Estamos –hoy más que nunca antes– frente a una banda de gángsters decididos a
depredar un país que no les importa en lo más mínimo, infinitamente menos de lo
que les preocupaba a los Duhau, Álzaga Unzué o Pereyra Iraola, quienes obtenían
su renta del territorio, al que en consecuencia, se veían obligados a cuidar de
alguna manera: estos gángsters tratan de apropiarse de todo cuanto puedan y al
costo que sea: sus verdaderos y estratégicos intereses no están vinculados al
territorio sino al sistema financiero internacional. Se trata –y ya lo han
demostrado con claridad– de tipos dispuestos a acabar –de la forma que
necesiten hacerlo, aun físicamente– con quien se les ponga delante, que cuentan
con inmensos recursos mediáticos, judiciales, delictivos y –lo que no es
menor–, en algunos casos por interés y en la mayoría por manipulación, con el
apoyo o la simpatía de un significativo porcentaje de la ciudadanía.
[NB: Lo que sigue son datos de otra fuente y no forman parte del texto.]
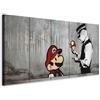murando - Quadro Moderno Stile Banksy 225x90 cm 5 pezzi Quadri Moderni per Soggiorno - Stampa su Tela con Struttura - Decorazione da parete Street Art Urban Murale per Regazzi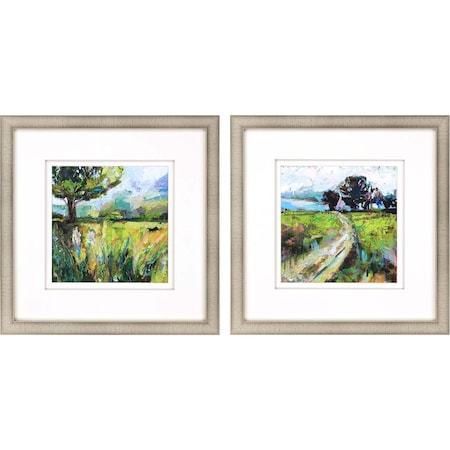 Homeroots Set Of Two Wildflower Meadow Gold Framed Print Wall Art, 2PK 416433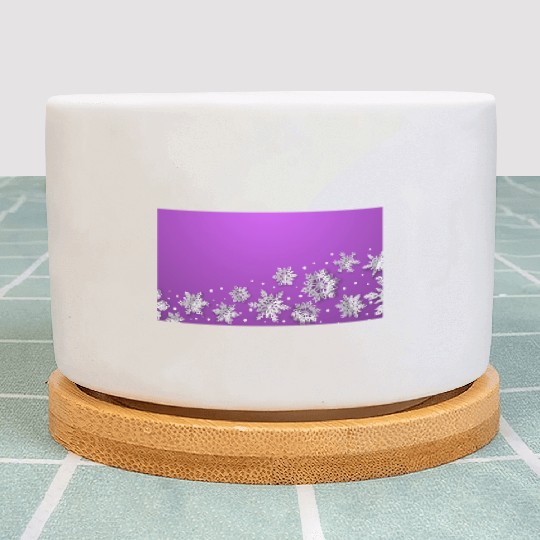 Modern Snowflakes Purple Plant Pots
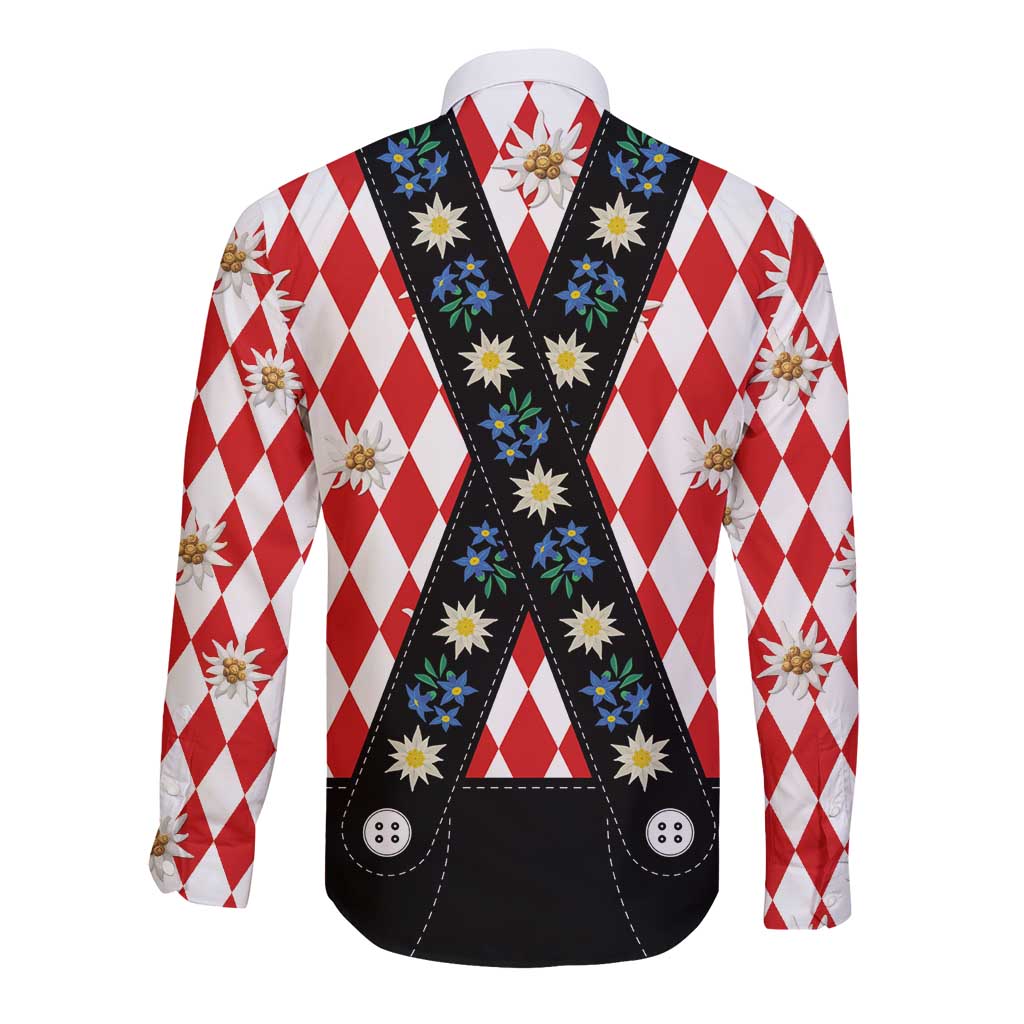 Bavaria Traditional Lederhosen Costume Long Sleeve Button Shirt Bavaria Emblem -  Red Plaid Pattern with Edelweiss Flowers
Es suicida jugar –como alegremente se hizo en el
2015, con las consecuencias a la vista– con gente dispuesta a todo, sin
pruritos ni prejuicios de ninguna naturaleza, y con el suficiente poder como
para conseguir lo que quieren.
En un país partido desde sus mismo origen,
organizado institucionalmente en contra del pueblo y los intereses nacionales,
con poderes económicos ausentistas que han sido capaces de colonizar al poder
judicial, manejar los medios de comunicación y “educar al soberano”, un país
que después de décadas de violencia consiguió por fin estabilizar algo parecido
a la democracia, lo primordial es siempre construir la mayoría suficiente para
ganar las elecciones, y después –evitando la tentación de hablarse encima en la
absurda creencia de que el palabrerío es capaz de transformar las cosas–
ampliar esa mayoría –no de hacerla “mejor”, más pura y cristalina, sino más
amplia, más gris y heterogénea– a fin de contar con alguna capacidad de
gobernar. Y, dentro de lo posible, tener la calma y la sabiduría suficientes
como para no propiciar la unidad de esa oposición que, en esencia, está
dividida y a la que sólo han unido nuestros errores y nuestra propia estupidez.
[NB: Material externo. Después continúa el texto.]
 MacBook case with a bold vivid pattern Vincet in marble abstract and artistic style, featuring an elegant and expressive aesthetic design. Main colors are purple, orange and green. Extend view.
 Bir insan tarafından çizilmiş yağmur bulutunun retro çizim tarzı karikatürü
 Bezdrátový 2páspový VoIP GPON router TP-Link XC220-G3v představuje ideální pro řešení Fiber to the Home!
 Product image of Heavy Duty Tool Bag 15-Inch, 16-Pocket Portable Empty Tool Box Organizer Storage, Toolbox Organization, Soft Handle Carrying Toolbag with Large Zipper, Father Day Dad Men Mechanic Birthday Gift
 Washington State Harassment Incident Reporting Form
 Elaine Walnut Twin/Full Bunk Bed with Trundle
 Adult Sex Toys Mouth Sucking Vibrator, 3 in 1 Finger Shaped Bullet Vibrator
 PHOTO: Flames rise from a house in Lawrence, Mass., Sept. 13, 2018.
No vamos aquí a sumar nuestro palabrerío al
palabrerío al divino botón y –viejos y cascoteados como estamos– ni se nos
ocurrirá ponernos en tiquismiquis y especular sobre quién tiene la razón acerca
de si los detenidos, procesados y hasta condenados judicialmente por pertenecer
a un movimiento político son o no son presos políticos. ¿Qué importancia tiene
esto finalmente? Lo que interesa es saber que su liberación no está en manos
del Poder Ejecutivo sino de quien los ha procesado y detenido ilegalmente: el
poder judicial. Y muy especialmente de la Corte Suprema, que de una vez por
todas debe hacer cumplir su propia acordada. Es ahí donde hay que mirar y
exigir la solución de un estado de cosas que no sólo viola la ley sino que
vulnera los derechos humanos y agravia el más elemental sentido de la decencia.